→ **EXERCISE DIRECTIONS**:
From the first line to the last, transcribe the data exactly and skip the pictures.

++++ SUPPLIED INFORMATION

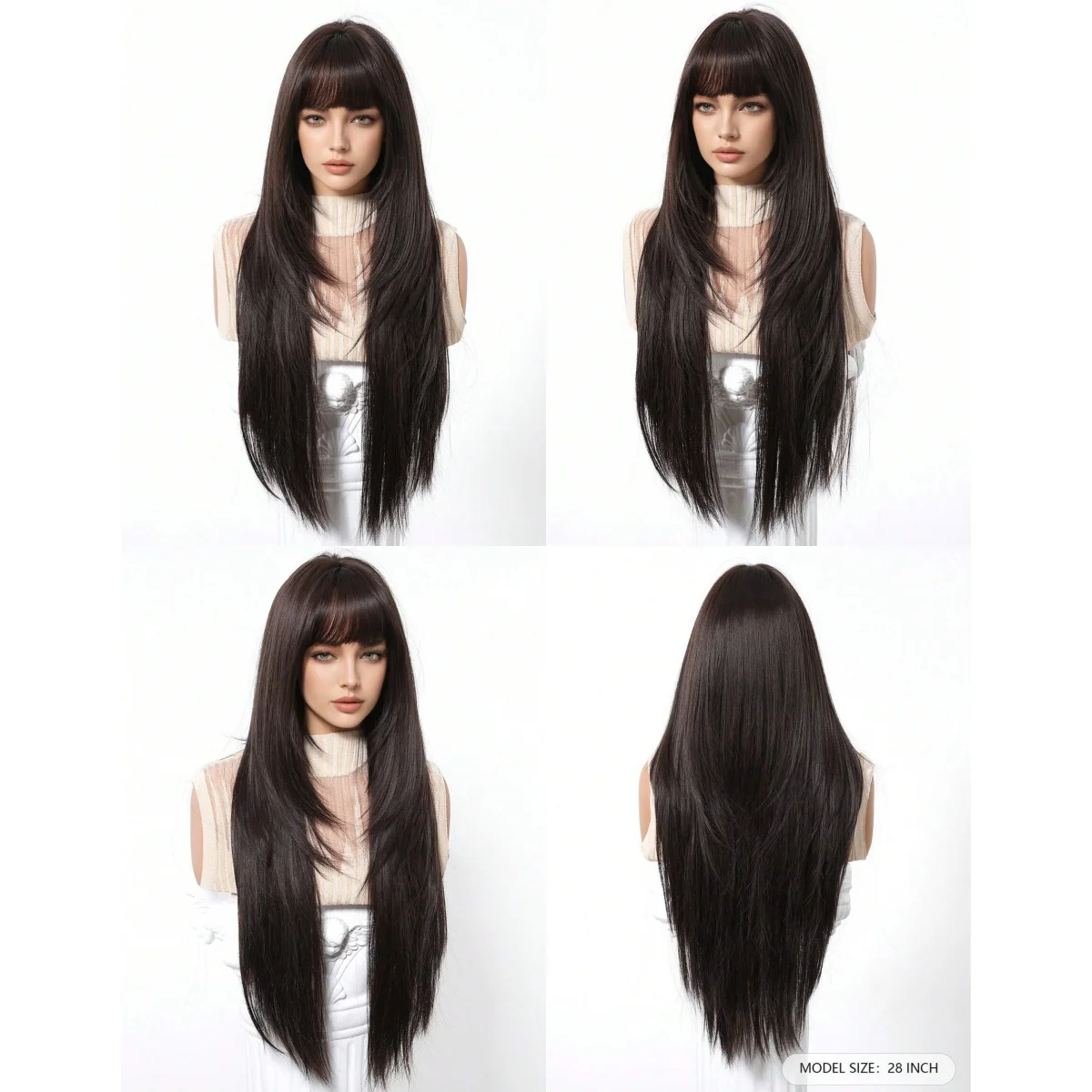 28-calowa Naturalna Czarna Peruka z Grzywką Super Długa Warstwowa Prosta Peruka Dla Kobiet Długa Czarna Brązowa Peruka Syntetyczna Odporna Na Ciepło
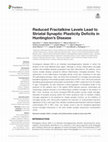 Research paper thumbnail of Reduced Fractalkine Levels Lead to Striatal Synaptic Plasticity Deficits in Huntington’s Disease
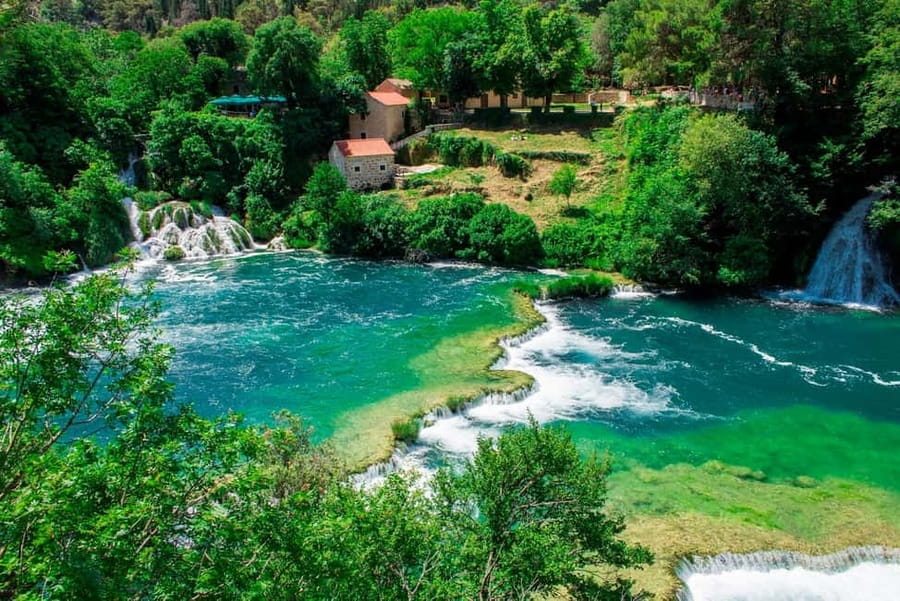 From Split: Krka Waterfalls Tour with Boat Ride & Swimming - One and a half hours in Skradin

++++++++

→ **SOLUTION TO THE EXERCISE**:
 28-calowa Naturalna Czarna Peruka z Grzywką Super Długa Warstwowa Prosta Peruka Dla Kobiet Długa Czarna Brązowa Peruka Syntetyczna Odporna Na Ciepło
 Research paper thumbnail of Reduced Fractalkine Levels Lead to Striatal Synaptic Plasticity Deficits in Huntington’s Disease
 From Split: Krka Waterfalls Tour with Boat Ride & Swimming - One and a half hours in Skradin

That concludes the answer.